◆ **EXERCISE REQUIREMENTS**: Only one stretch of lines is wanted: the line with "Sarcomeric alpha Actinin" through the final line of the material. Restate it word for word, minus pictures.

☆ ☆ ☆

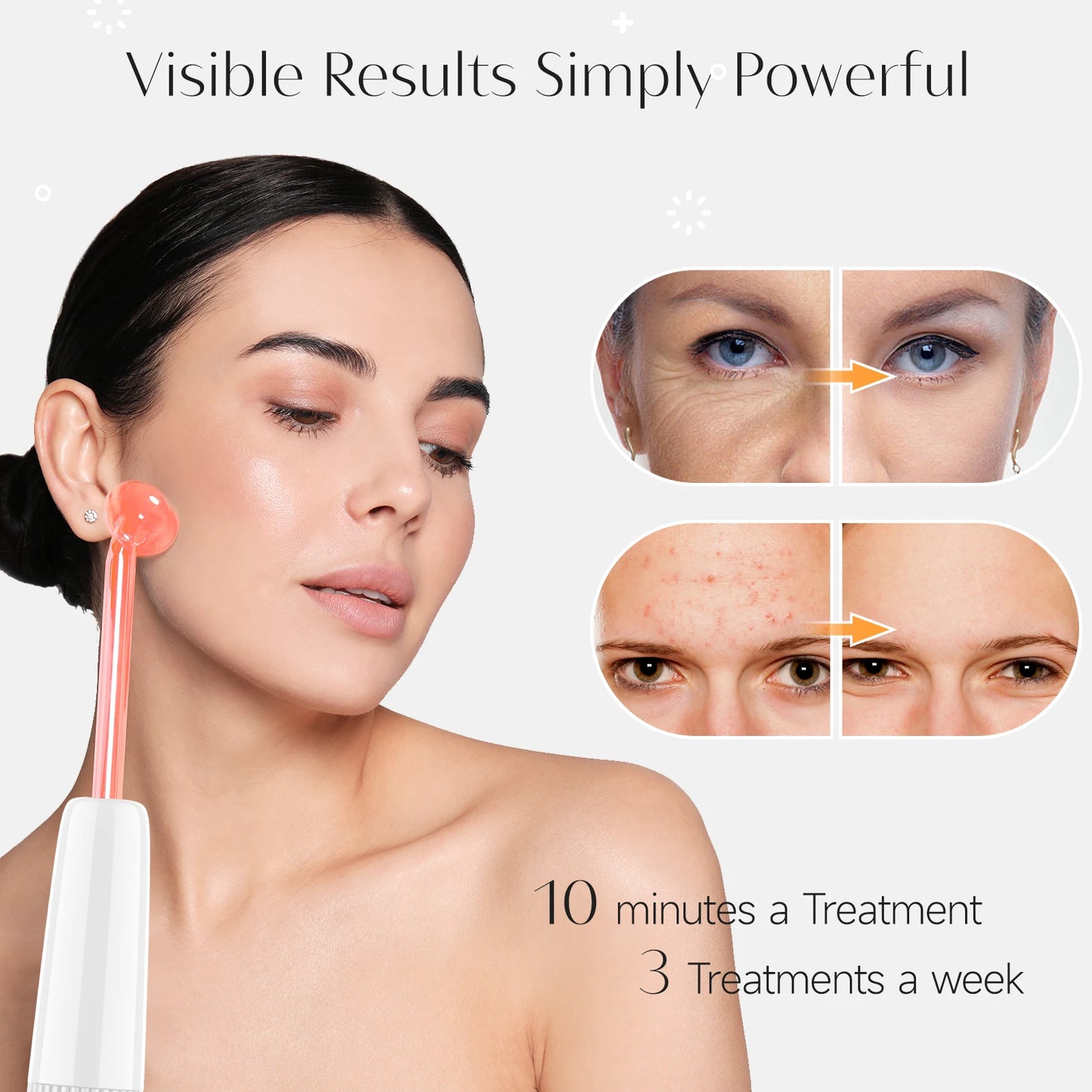 High-Frequency Facial Wand – The Ultimate Skin Rejuvenation Solution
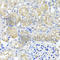 Histidyl-TRNA Synthetase 2, Mitochondrial antibody, A7785, ABclonal Technology, Immunohistochemistry paraffin image 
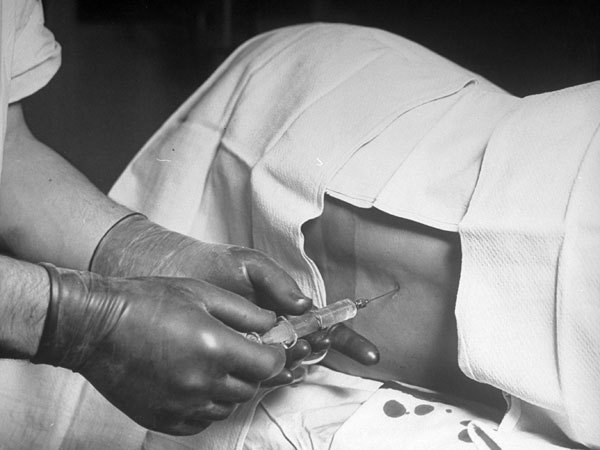 August Bier a inventat anestezia spinală, numită şi rahi-anestezie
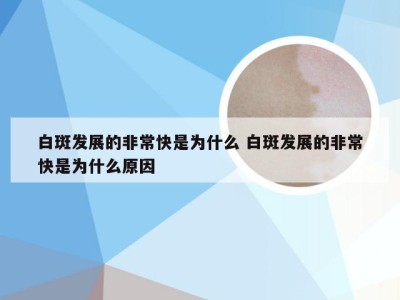 白斑发展的非常快是为什么 白斑发展的非常快是为什么原因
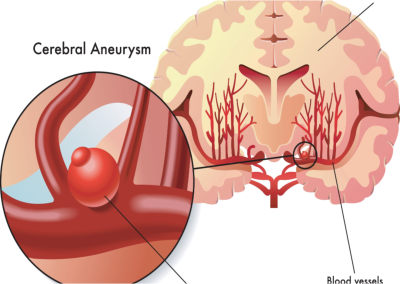 Cerebral Aneurism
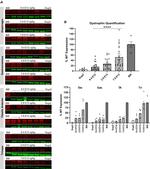 Sarcomeric alpha Actinin Antibody in Western Blot (WB)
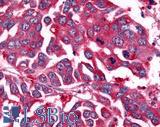 NEK7 Antibody - Colon carcinoma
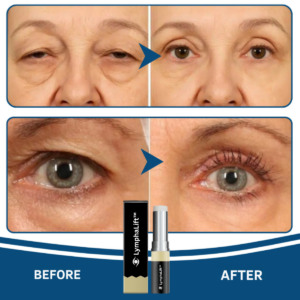 LymphaLift Balm Stick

☆ ☆ ☆

◆ **EXERCISE OUTPUT**:
 Sarcomeric alpha Actinin Antibody in Western Blot (WB)
 NEK7 Antibody - Colon carcinoma
 LymphaLift Balm Stick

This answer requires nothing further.